日本プロ野球史上わずか6人の「東京大学出身」選手たち

 昨秋のドラフトで北海道日本ハムからドラフト7位で指名を受けた宮台康平投手。東京大学出身者としては、史上6人目のプロ野球選手となる。そこで、今回は過去にプロ入りを果たした東京大学出身者を紹介し、改めてその足跡を辿っていきたい。

〇新治伸治氏
 東京大学出身者史上初のプロ野球選手である新治氏。卒業後の1965年、大洋漁業(マルハニチロ)へ入社。しかし、当時の球団オーナーの「南氷洋に行ったつもりで、プロで投げてみないか」という言葉と、「魔術師」の異名をとった名将・三原脩監督の要請を受け、サラリーマンの身分のまま大洋ホエールズ(現・横浜DeNA)に“出向”。かくして、史上初となる東京大学出身のプロ野球選手が誕生することになった。

 入団の経緯こそ特殊だったが、新治氏の実力は本物だった。プロ入り初年度の1965年から主に中継ぎとして40試合に登板し、5勝2敗、防御率3.16という成績を残す。続く1966年も37試合に投げて4勝4敗、防御率3.60とチームに貢献。話題性だけにとどまらない自身の能力の高さを見せ付けている。

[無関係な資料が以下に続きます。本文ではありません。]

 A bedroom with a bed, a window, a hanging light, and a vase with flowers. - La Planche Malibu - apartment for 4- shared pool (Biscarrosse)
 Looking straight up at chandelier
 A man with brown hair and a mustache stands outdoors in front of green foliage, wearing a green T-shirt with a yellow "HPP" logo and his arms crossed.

 1968年に現役を退いてからは親会社に復帰し、順調にキャリアを積んで関係会社の社長にまで出世を果たす傍ら、大洋・横浜の非常勤取締役や球団顧問も経験。社会人としても成功を収めた新治氏がプロ野球で残した通算9勝という数字は、現在に至るまで東京大学出身投手の最多勝利記録となっている。

東大出身選手として唯一の本塁打をマークしている井手

〇井手峻氏
 東京大学のエースとして活躍した井手氏は、1966年ドラフトで中日から3位指名を受けると、三菱商事の内定を辞退してプロ入り。史上初めて、ドラフトで指名されて入団した東京大学出身のプロ野球選手となった。

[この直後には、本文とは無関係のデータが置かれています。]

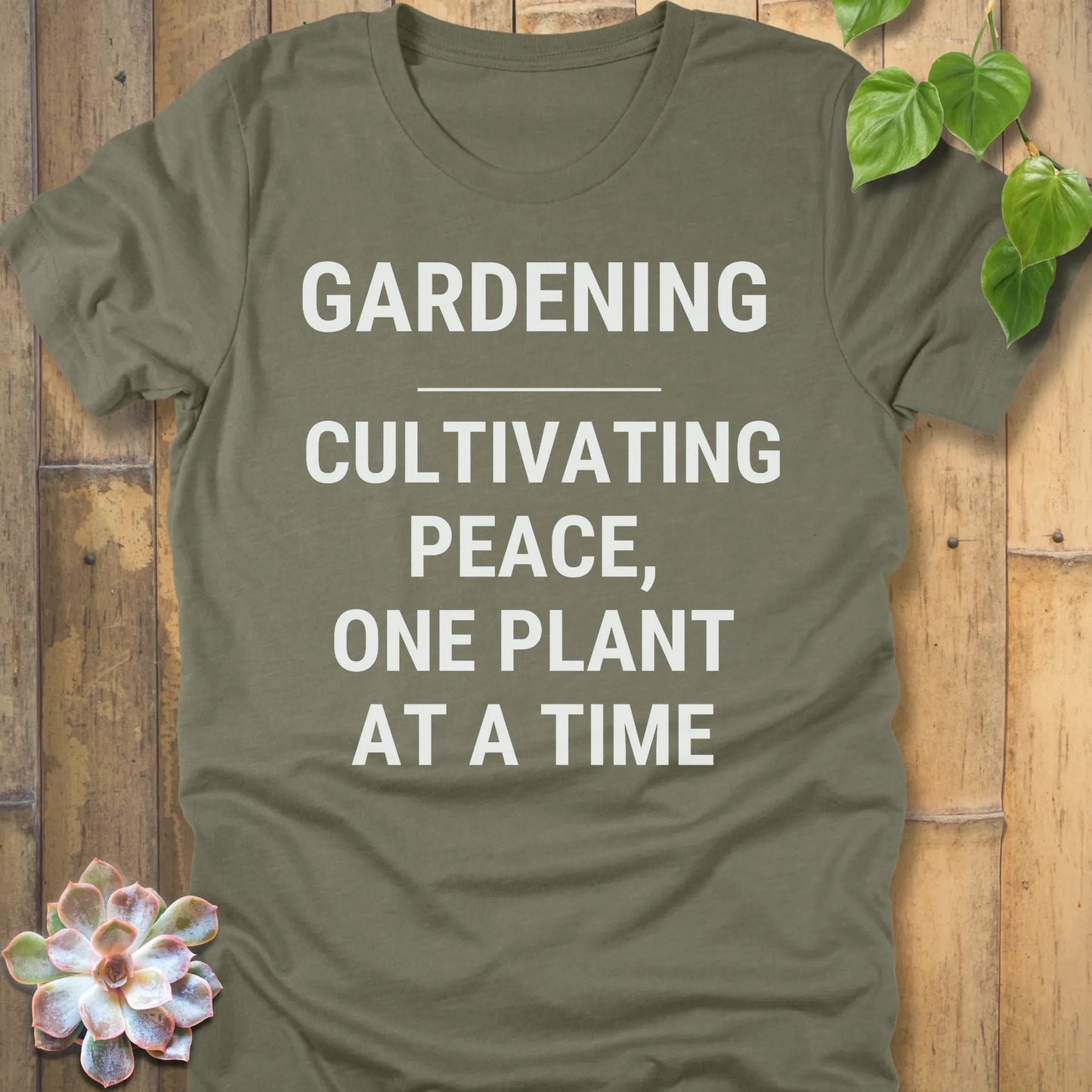 Heather Olive t-shirt featuring the design Gardening Cultivating Peace, One Plant At A Time printed in bold white letters, funny gardening shirt.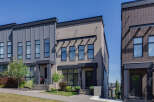 Discover modern townhome living with this stunning property featuring a sleek facade of gray vertical siding and light brick.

 1年目から1軍で登板機会を得た井手氏は、プロ入り初勝利を挙げた試合で、奇しくも新治氏と史上唯一の「東大出身選手の投げ合い」を実現させている。しかし17試合に登板して1勝4敗、防御率5.13と苦しみ、翌年以降は怪我で1軍登板は叶わず。プロで挙げた白星は、先述の1勝のみに終わってしまった。

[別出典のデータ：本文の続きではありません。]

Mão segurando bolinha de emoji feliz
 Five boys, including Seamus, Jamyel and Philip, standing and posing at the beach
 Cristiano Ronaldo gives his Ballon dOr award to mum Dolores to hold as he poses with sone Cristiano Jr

 しかし、俊足と強肩を買われて外野手へ転向すると、代走や守備固めとして出場機会を増やしていく。打席に立つ機会は多くなかったが、1973年5月5日の巨人戦で高橋一三氏からプロ生活最初で最後の本塁打を放ち、さらにこれが決勝弾となり、お立ち台に上がっている。東京大学出身者が記録した本塁打は、今なおこれが唯一だ。

 1974年には84試合に出場し、巨人のV10を阻止した中日のリーグ優勝にも貢献。通算359試合出場は、東京大学出身者としては歴代最多となる。現役を退いた後はコーチやフロントとしてチームに携わり、球団代表まで上り詰めている。2015年に取締役相談役を退任するまで、50年以上にわたって縁の下の力持ちとして中日を支える存在であり続けた。

〇小林至氏
 東京六大学では通算0勝12敗ながら、入団テストと練習生を経て、1992年のドラフト8位で指名を受けて千葉ロッテの一員となった小林氏。

 2年間の現役生活で1軍登板は1度もなかったが、引退後はコロンビア大学経営大学院でMBAを取得。2005年から福岡ソフトバンクの取締役等を務めた。2014年に退任するまでに3軍制度の導入や大物選手たちの獲得を手掛け、黄金時代を築くにあたって重要な役割を担った。

横浜、日本ハムに所属した松家

〇遠藤良平氏
「神宮のマウンドで投げる」という夢を叶えるために東京大学を目指し、一浪を経て見事に合格を果たした遠藤氏。1年次から憧れの舞台で登板を重ね、左腕としては東京大学野球部史上最多の通算8勝を挙げている。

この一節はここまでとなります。